Support Questions
Find answers, ask questions, and share your expertise

Nifi PutHDFS Processor stuck and not able to release item from queue.

We have been facing an intermittent issue in our QA env, where PutHDFS processor goes stuck and not able to release item from upstream processor queue. This does not look related to load as the no.of messages in queue and queue size was not too high. We tried to stop/start the processor but this does not work as after stopping the processor we don't see the start button on PutHDFS. The only way we are currently fixing this is by restarting the nifi which we would like to avoid in Prod env.

At the time of stuck No of threads we can see on UI 2 and processor is configured with default 1 parallel level. In order to further drill down we tried to take multiple thread-dumps and notices that a particular thread was always blocked with same stack trace and linked to PutHDFS processor.

Stack trace is as below.

Timer-Driven Process Thread-2" Id=106 BLOCKED on java.io.BufferedInputStream@b7146b3 at java.io.BufferedInputStream.read(BufferedInputStream.java:336) at sun.nio.cs.StreamDecoder.readBytes(StreamDecoder.java:284) at sun.nio.cs.StreamDecoder.implRead(StreamDecoder.java:326)

-------

at org.apache.nifi.processors.hadoop.PutHDFS$1.run(PutHDFS.java:255) at java.security.AccessController.doPrivileged(Native Method)

puthdfs-stuck.jpgthread-dump.txtthread-dump-2.txtthread-dump-3.txt

I am attaching the UI screen-shot at time of stuck and thread-dumps for reference.

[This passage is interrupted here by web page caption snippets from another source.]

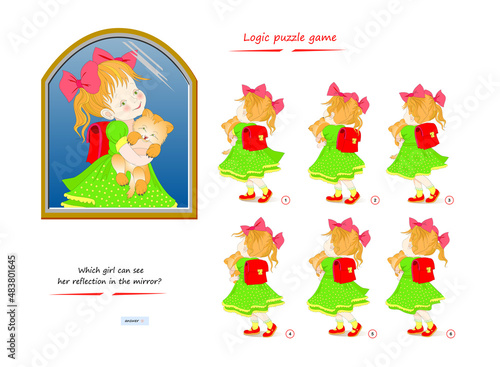 Logic puzzle game for children and adults. Which girl can see her reflection in the mirror? Page for brain teaser book. Developing kids spatial thinking. Task for attentiveness. Vector illustration.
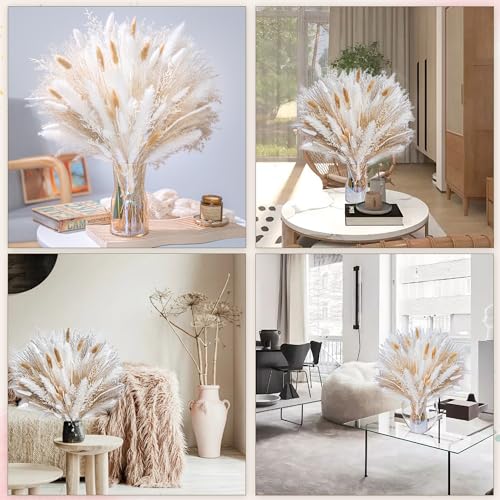floradream 95 PCS Natural Pampas Grass Decor Bouquet | Boho Dried Floral Arrangement Centerpiece Table Decor Wedding Decor Rustic Decor, Natural, white, beige (Fdm-b-01) - size: 95PCS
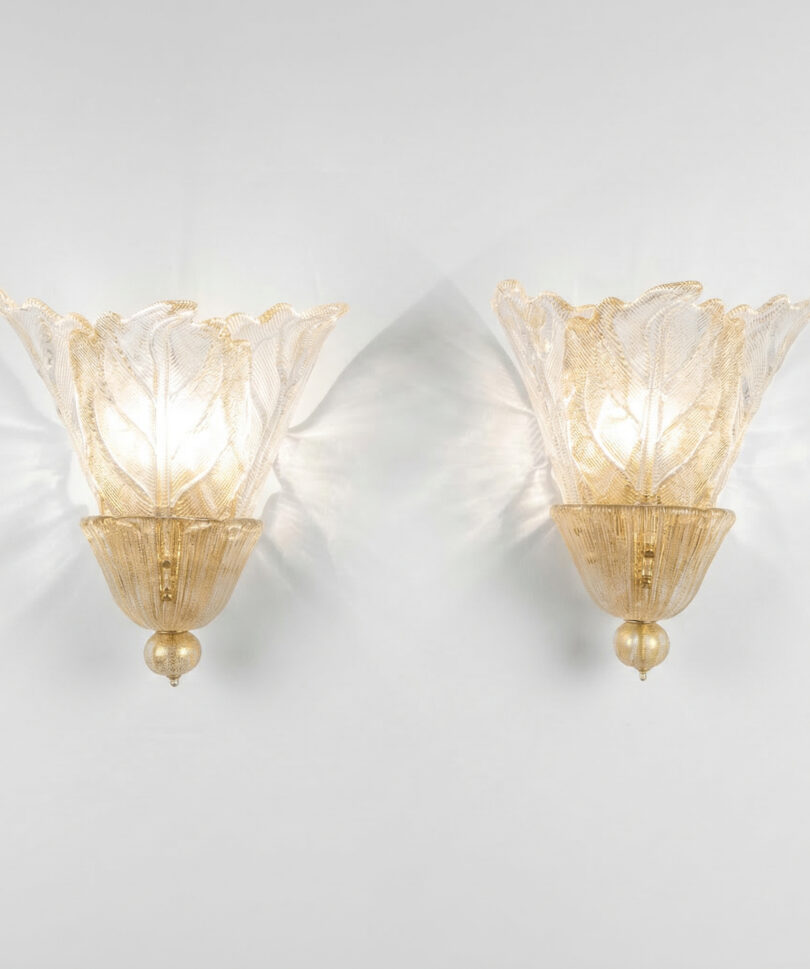 Par de Apliques Barovier & Toso Murano Foglia d'Oro, 1980s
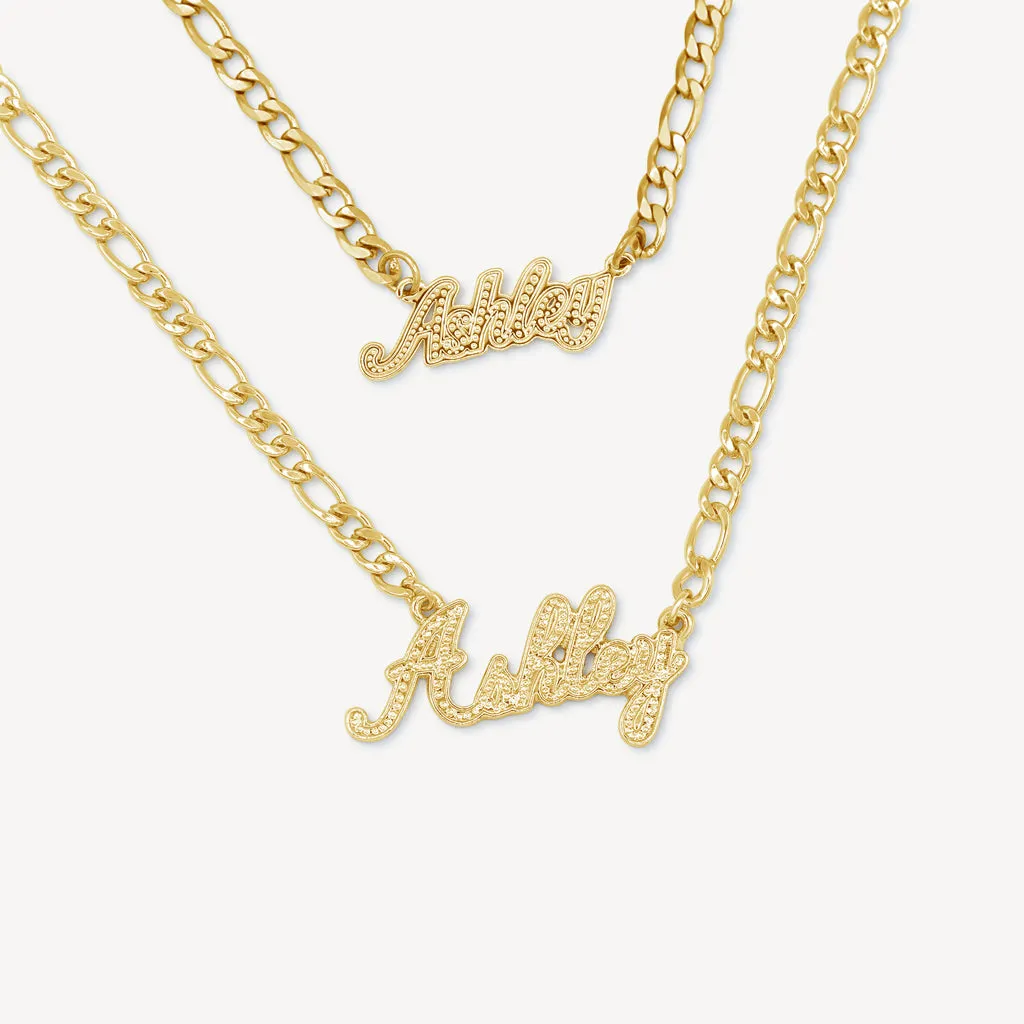 Womens Custom Script Diamond Cut Gold Name Necklace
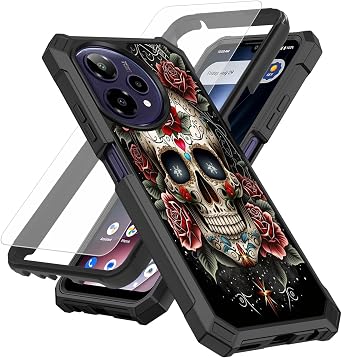 for Cricket Icon Plus 2026 Phone Case with Screen Protector Tempered Glass,Slim TPU Rugged Corners Bumper Cover for Men Women-Sugar Kull with Roses Gothic Art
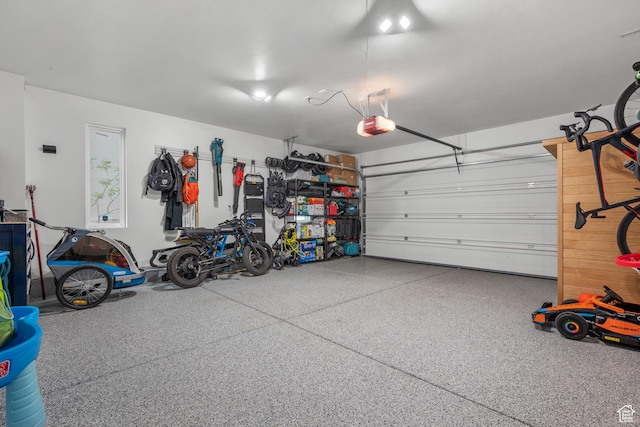 garage with a garage door opener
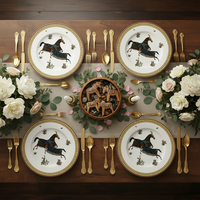 Service de table vintage en porcelaine fine, motif cheval persan royal, assiette de présentation en céramique, tasse à café et bol en porcelaine pour mariage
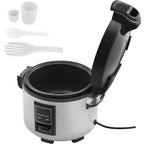 KFFKFF Industrial Rice Steamer, 45-Cup Capacity, 9.51 Qt / 9 Liter Voluminous Rice Maker and Heater with Nonstick Cooking Chamber, Swift Preparation and 12-Hour Heat Retention
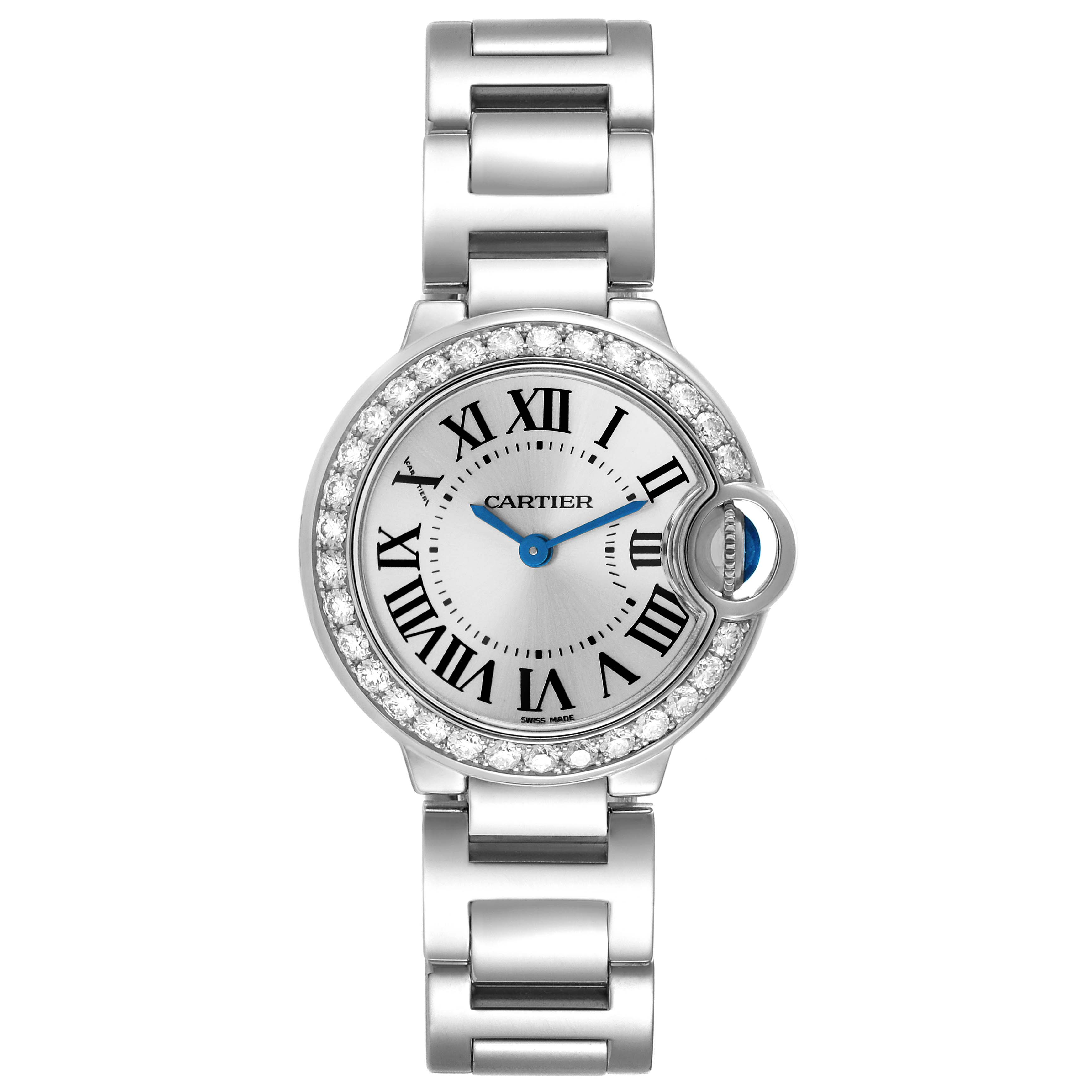 The Cartier Ballon Bleu WE9003Z3 Women's White Gold Silver Dial WE9003Z3 Women's White Gold Silver Dial watch is shown from a top-down angle, displaying its face, bezel, and part of the bracelet.
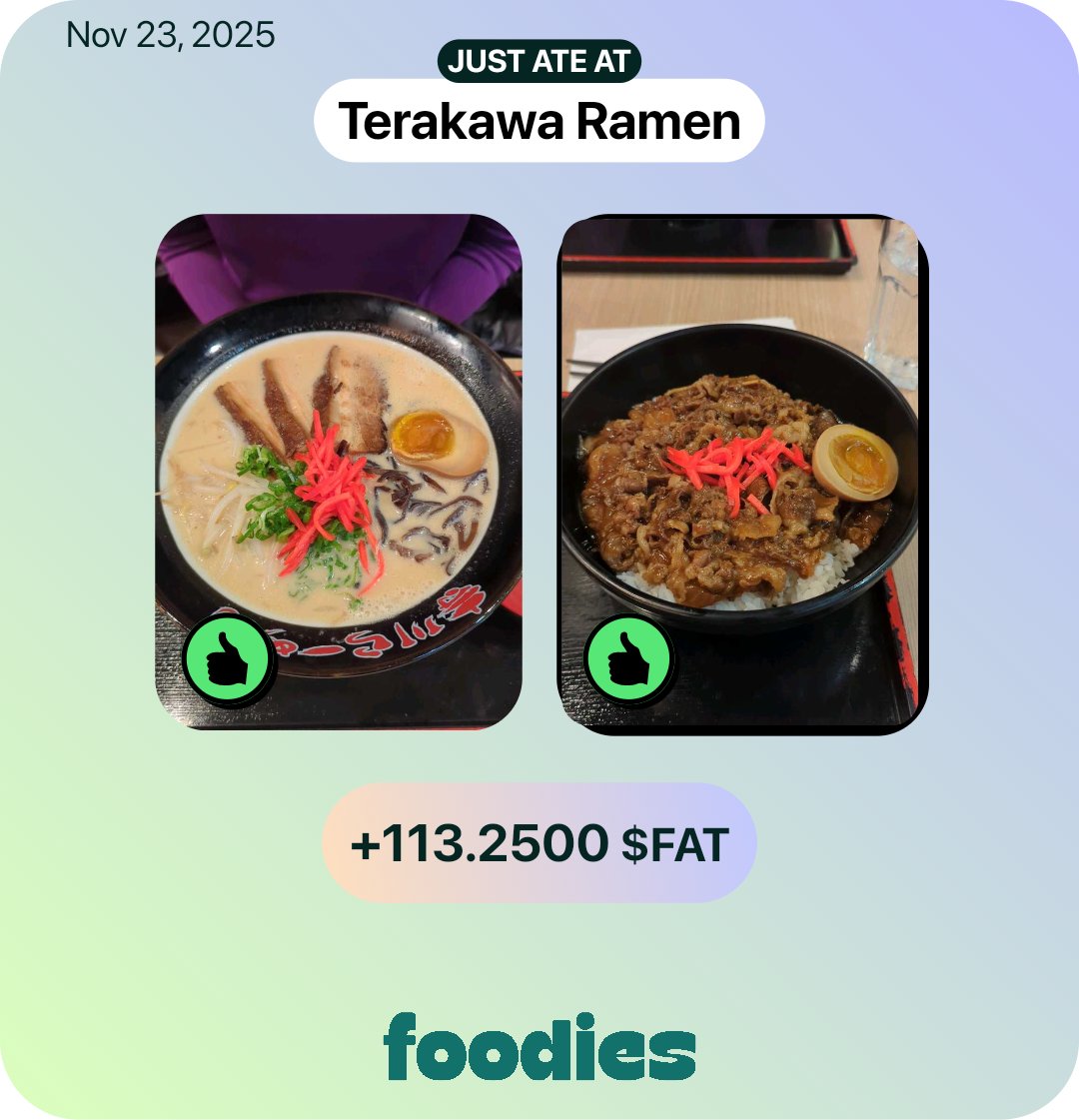 chris_byte's tweet photo. Just earned FAT with @foodies! You can too. Use my referral https://t.co/E2wfVL141M and earn 100 FAT. https://t.co/bLm2nxYGkG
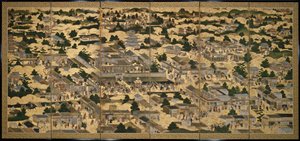 Widoki Kioto i okolic (Rakuchu rakugai zu), ok. 1616-24 (tusz, kolor i złoto płatkowe na papierze) autorstwa Japanese School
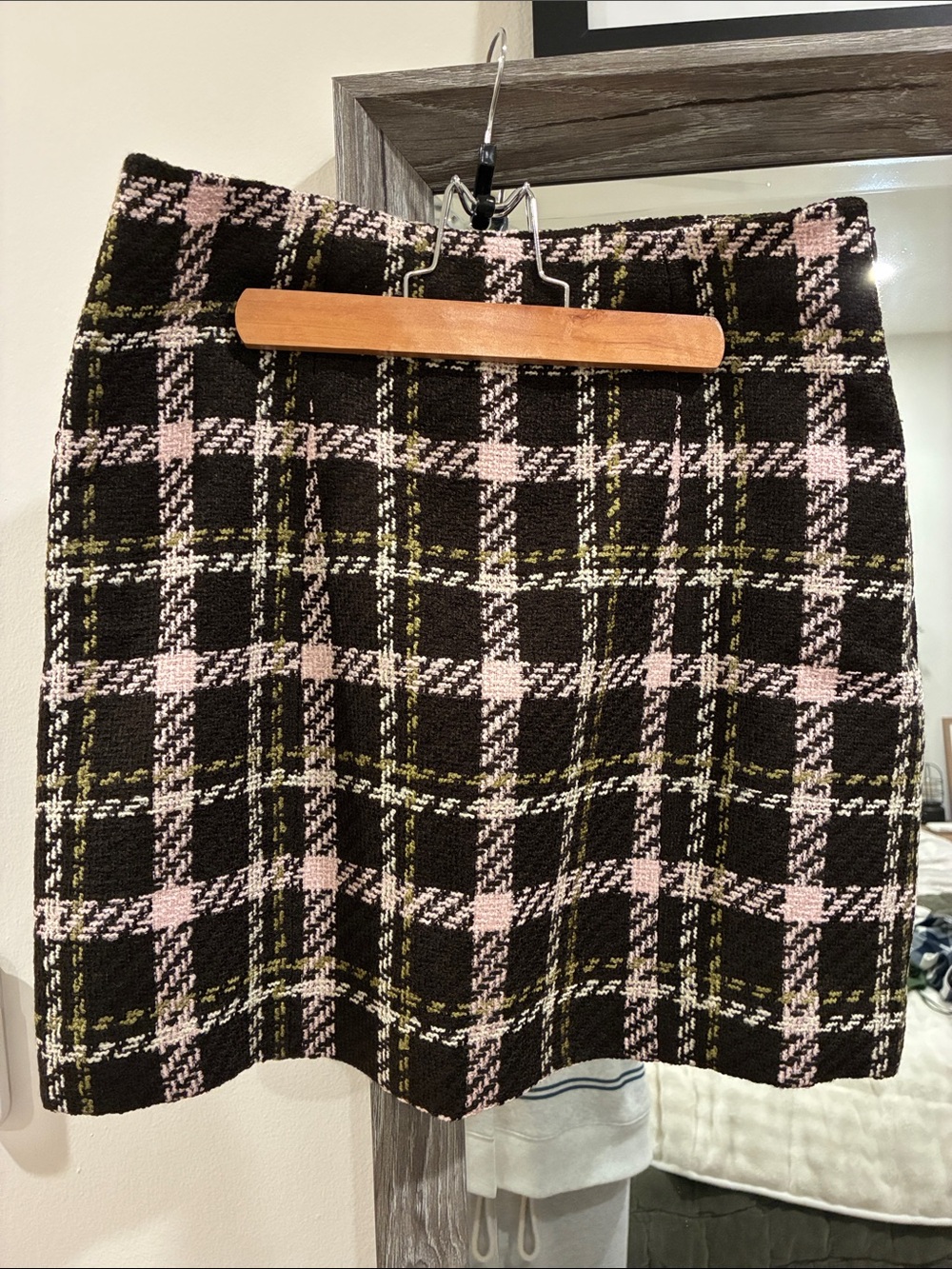 Favorite Daughter Black Plaid Tweed Mini Skirt with Pink and Olive Accents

Can someone please help us in finding the root-cause for this ?

7 REPLIES 7

Re: Nifi PutHDFS Processor stuck and not able to release item from queue.

Rising Star

@Tarun Kumar

I have been investigating this issue for more than a few days, but so far I have not been able to reproduce it in any environment to which I have access. What you're seeing is the end result of a set of conditions that cause the JAAS configuration and previously authenticated principal to be contextually lost, resulting in Krb5LoginModule.promptForName to interactively prompt for the principal name.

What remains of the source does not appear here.